- Work to complete: Below are entries with pictures among them; reproduce exactly, and only, the lines from the one containing "Young caucasian woman" down to the one containing "President Donald Trump", without the pictures.

- Given information:
·····
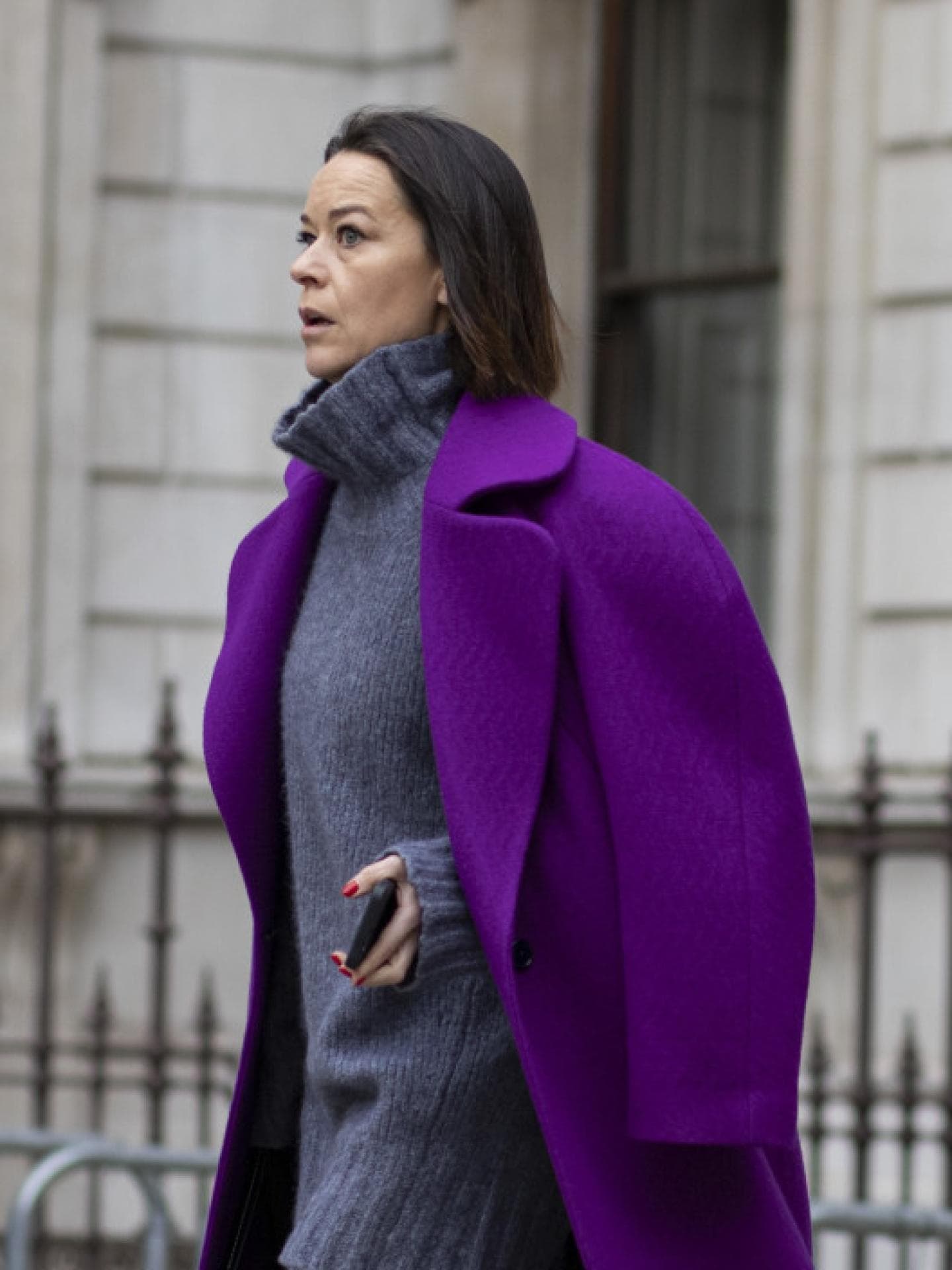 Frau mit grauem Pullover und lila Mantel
·····
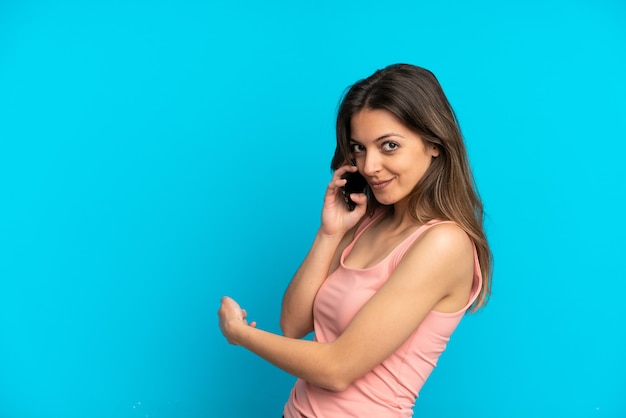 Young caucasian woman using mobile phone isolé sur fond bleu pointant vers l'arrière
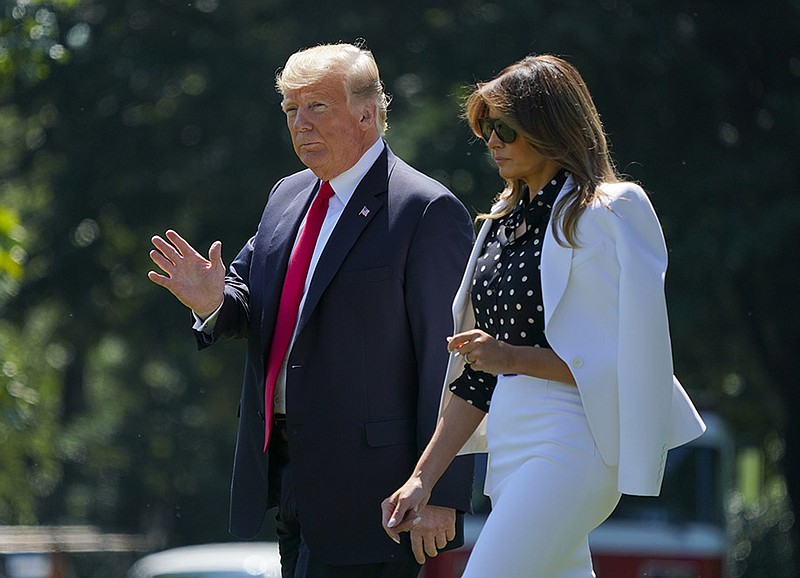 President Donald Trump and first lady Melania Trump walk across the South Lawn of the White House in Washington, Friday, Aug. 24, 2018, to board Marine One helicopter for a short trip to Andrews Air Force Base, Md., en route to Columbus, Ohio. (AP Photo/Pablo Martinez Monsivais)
·····
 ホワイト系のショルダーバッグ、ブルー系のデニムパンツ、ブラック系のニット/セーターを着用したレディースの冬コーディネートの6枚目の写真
·····
- Result:
 Young caucasian woman using mobile phone isolé sur fond bleu pointant vers l'arrière
 President Donald Trump and first lady Melania Trump walk across the South Lawn of the White House in Washington, Friday, Aug. 24, 2018, to board Marine One helicopter for a short trip to Andrews Air Force Base, Md., en route to Columbus, Ohio. (AP Photo/Pablo Martinez Monsivais)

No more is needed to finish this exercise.